PROBLEM TO SOLVE: All of the data below should be printed again exactly, pictures excluded.

SUPPLIED RECORDS:
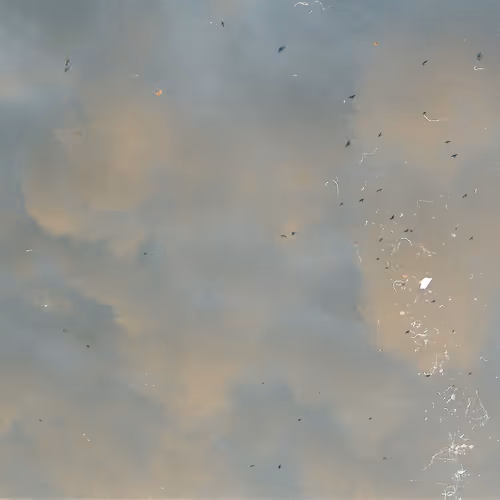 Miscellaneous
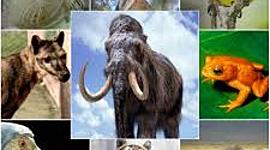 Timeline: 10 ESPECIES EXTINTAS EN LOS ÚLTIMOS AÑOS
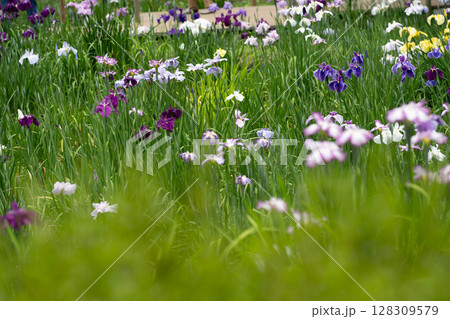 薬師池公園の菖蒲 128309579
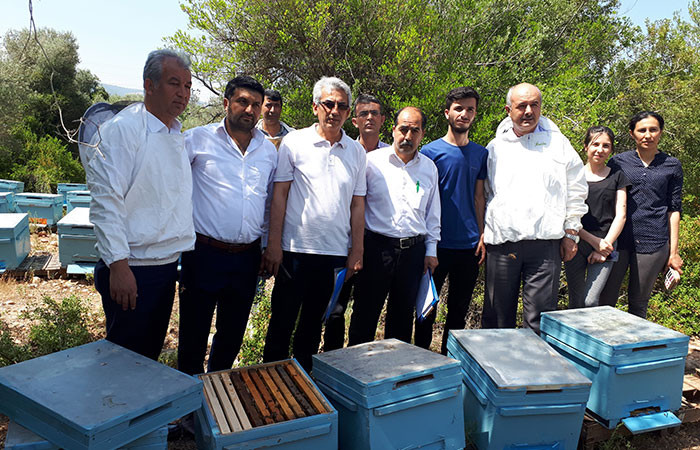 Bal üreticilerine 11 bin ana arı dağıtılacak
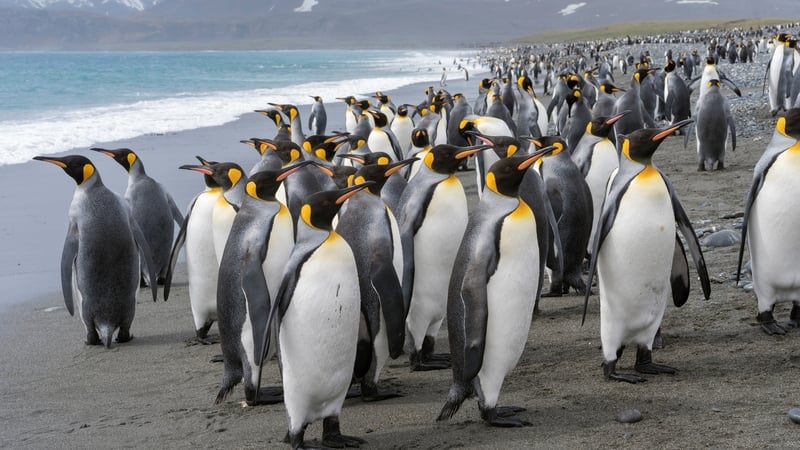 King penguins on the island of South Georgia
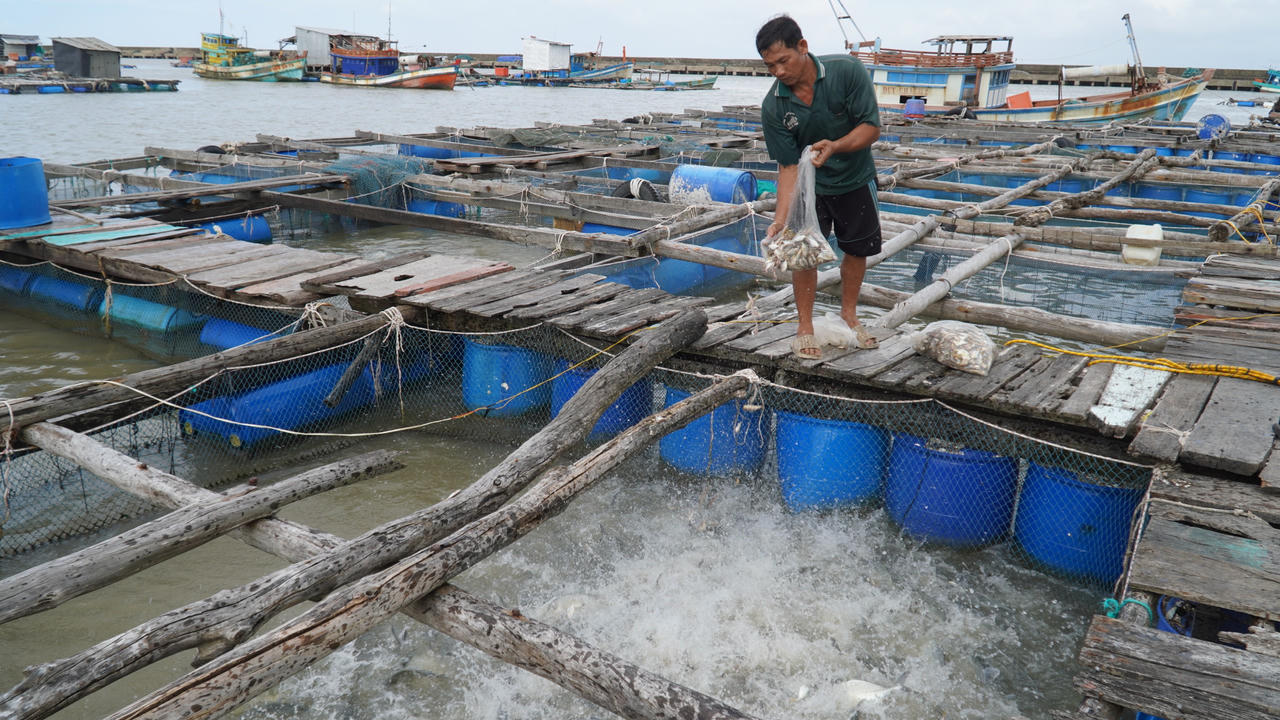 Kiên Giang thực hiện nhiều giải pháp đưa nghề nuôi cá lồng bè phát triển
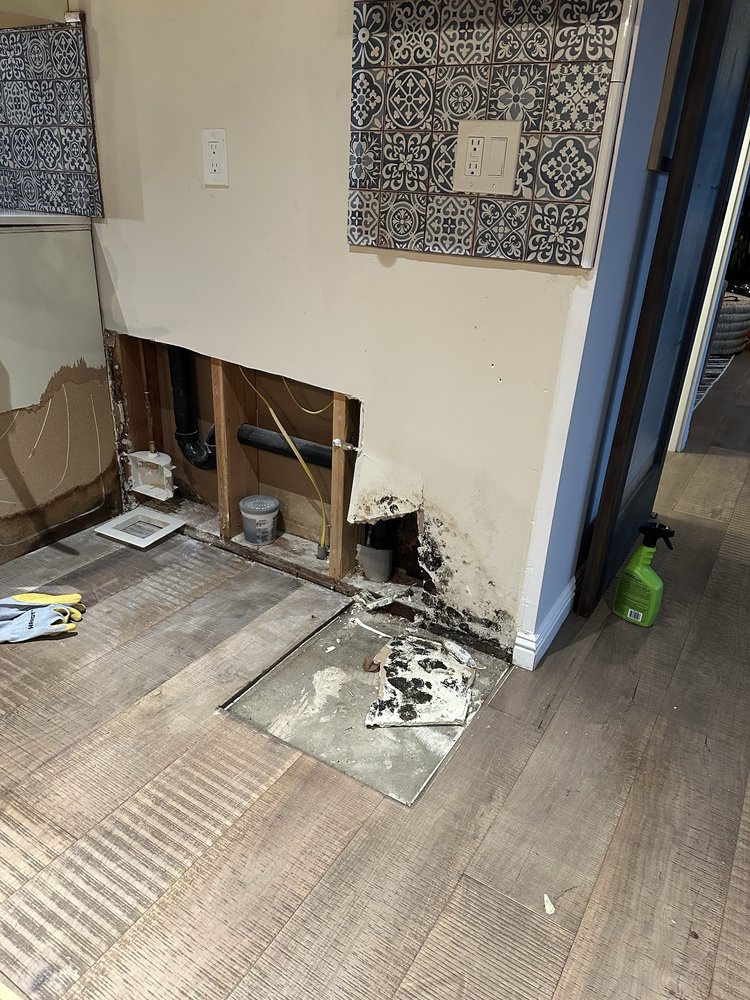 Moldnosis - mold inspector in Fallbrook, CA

TASK OUTPUT:
 Miscellaneous
 Timeline: 10 ESPECIES EXTINTAS EN LOS ÚLTIMOS AÑOS
 薬師池公園の菖蒲 128309579
 Bal üreticilerine 11 bin ana arı dağıtılacak
 King penguins on the island of South Georgia
 Kiên Giang thực hiện nhiều giải pháp đưa nghề nuôi cá lồng bè phát triển
 Moldnosis - mold inspector in Fallbrook, CA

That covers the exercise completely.